Five Things to See in Manchester According to Mancunian Students
These are our five favorite spots in Manchester, from the hottest spots to eat and shop to hidden gems of Mancunian history and culture. While you’re studying abroad at University of Manchester, explore the city's social impact on Britain and discover one of the most culturally generous, inclusive, and exciting cities in the UK.

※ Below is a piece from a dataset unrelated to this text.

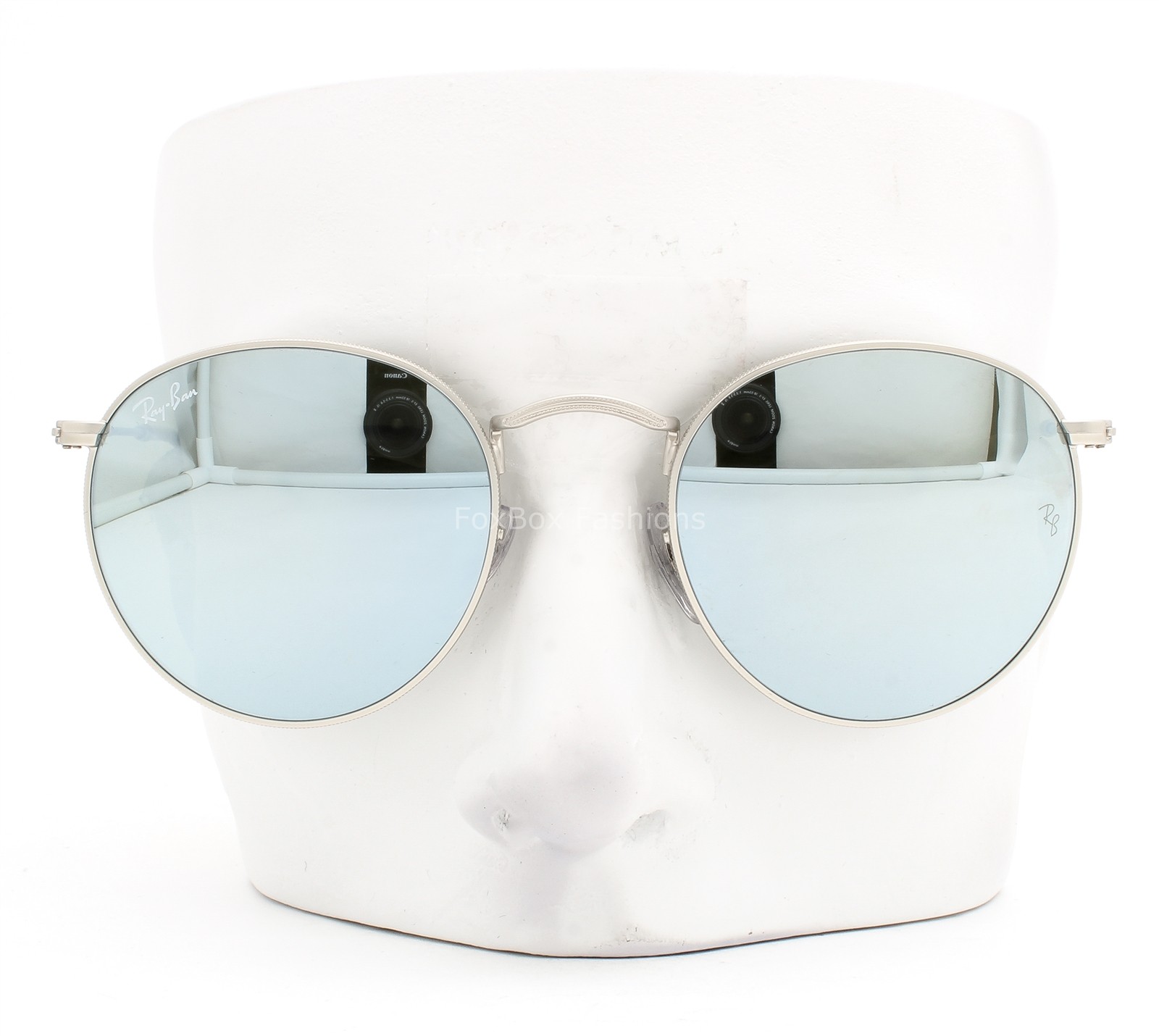 Ray-Ban Round Sunglasses RB 3447 019/30 Matte Silver Mirror Glass 50mm with Case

1. The Northern Quarter is an eclectic, bustling neighborhood with bohemian vibe, independent shops, and creative industries. NQ, a hub both for the Industrial Revolution and Manchester’s iconic music scene, has a unique blend of creativity, culture, and community, all just a few minutes from the central shopping venues. It has colorful murals and graffitied independent thrift stores, record shops, art galleries, and tattoo studios, as well as some great bars, restaurants, and cafés.
2. The Giant Vimto Bottle sculpture in sustainable oak by Kerry Morrison is a well-known landmark in Granby Row. Commissioned by popular soft drink Vimto in 1992, the Vimto bottle sculpture is18 feet tall and symbolizes the city's creative, innovative spirit. Manchester's popular fruit-flavored drink statue is a popular tourist attraction and a symbol of Manchester's industrial heritage.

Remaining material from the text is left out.